Hastanede uykusuz geçirdiği gecelerde bıçak üzerine kafa yoruyor. Bıçak nesnel bir alet ve kullandığımız biçimiyle anlam kazanıyor. Düğün pastasını kestiğinde iki insanı birleştiriyor. Bazen silah oluyor. Dünyanın anlamını, işleyişini, sırlarını, gerçeklerini ortaya çıkaran dil de bir bıçak diye düşünüyor. “Benim bıçağım dil” diye karar veriyor, ya da bizim bildiğimiz özdeyişle “dil kılıçtan keskindir” diyor. Dili –yazıyı– hayatını geri kazanmak, kontrolü eline almak, başına gelenleri sahiplenmek için kullanacağı araç olarak görüyor. Ama o sırada henüz yazıya dönüp dönmeyeceği konusunda kararsız. “Yoksa ben de Philip Roth gibi bilgisayarıma bir post-it yapıştırıp ‘Mücadeleye son’ mu yazmalıyım? Bir gün mutlaka başına gelen saldırıyı kitaplaştıracağını söyleyen menajerinin ziyareti işte tam o sıralara denk geliyor.
Hasta yatağının etrafındaki yüzlere bakarken (iki oğlu, kız kardeşi, eşi) duygusallaşıyor ve sevginin her şeyin üstesinden geleceğini düşünüyor. Saldırının ardından Rushdie’nin üç yıl önce Amerikalı şair ve yazar Rachel Eliza Griffiths ile evlendiği ortaya çıkmıştı. Kitapta tanışmalarını, pandemiyi birlikte geçirişlerini ve 2021’de sadece en yakınlarına haber vererek evlenişlerini okuyoruz. Griffiths şefkati ve desteğiyle iyileşmesinde büyük rol oynuyor, hastanede onu bir an bile yalnız bırakmıyor. Bıçak’ta önemli yer tutan Griffiths’in sevgisi A.’nın nefretine üstün geliyor. Rushdie eskiden beri mutluluk üzerine yazmak istediğinden, fakat “beyaz kâğıda beyazla yazmak” kadar zor olduğundan bahsediyor. Belki de Bıçak’ta bunu başarmış. Çünkü kitap bittiğinde, başına gelenlere ve gözünü kaybedişinden duyduğu büyük üzüntüye rağmen Rushdie’nin mutlu olduğu hissi kalıyor geriye. Kitabın iki ana bölümüyle ifade edersek, ölüm meleğinin yerini yaşam meleği alıyor.
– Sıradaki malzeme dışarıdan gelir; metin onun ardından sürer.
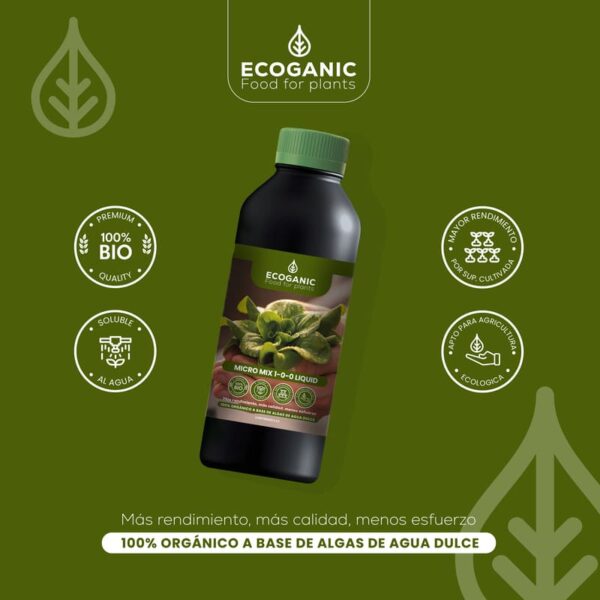 Ecoganic Micro Mix 1-0-0 Liquido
Saldırıdan sonra tekrar gündeme gelen ve en çok satan kitaplar listesinde üstlere çıkan Şeytan Ayetleri’nden de bahsediyor Rushdie. Ne kitabı ne de kendisini savunma isteği kalmadığını yazıyor, ancak geri adım da atmıyor. “Pişmanlık arayanlar,” diye yazıyor henüz ilk sayfalarda, “okumayı burada bırakabilirler.” Söylediklerinizin sonuçlarından korkarsanız özgür olamazsınız diye vurguluyor. Fetvanın yeniden gündeme gelmesinden hoşnut değil ama geçmişte kendisini ve kitabını eleştiren edebiyat dünyasının saldırıdan sonra ona sahip çıkmasından şaşkınlıkla karışık bir sevinç duyuyor. 1989 yılında çıkarılan fetvadan sonra, ölüm tehlikesinin yanı sıra (İngiltere’deyken en az altı suikast planı polis tarafından bertaraf edilmiş) doğum yeri Hindistan’da bile nefret öznesi haline gelmiş olması yaralayıcı Rushdie için. “Bu belayı başına kendi açtı” diye eleştiriliyor o dönemde. “Hakikaten onu öldürmeye çalışanlar mı var, yoksa ilgi çekmeye mi çalışıyor?” diye konuşuluyor hakkında. İşin garibi şu ki, o süreçte Şeytan Ayetleri okunmaktan çok üzerinde konuşulan bir kitap haline geliyor. (Saldırgan A da zaten kitabın sadece ilk iki sayfasını okumuş.)
On yıl Londra’da sıkı koruma altında yaşadıktan sonra, 2000’de daha özgür bir hayat kurmak amacıyla polis korumasının mecburi olmadığı New York’a taşınıyor Rushdie. Orada da karşısına farklı bir sorun çıkıyor, varlığını normalleştirmeye çalışırken her yerde görünme çabasına girince özellikle tabloid gazeteler tarafından sığ, ciddiyetsiz, ünlülere özenen bir âlemci damgasını yiyor. “Kendisini benim yerime koymaya çalışan ve güvenlik kozasından nihayet çıkabileceğimi hissetmemden sevinç duyan neredeyse hiç kimse yoktu” diye yakınıyor. 2022’deki saldırıdan sonra empati duyanlar çoktu ama sevinenler de vardı: “Nefret öznesine dönüştürülürseniz, sizden nefret edenler mutlaka olacaktır.”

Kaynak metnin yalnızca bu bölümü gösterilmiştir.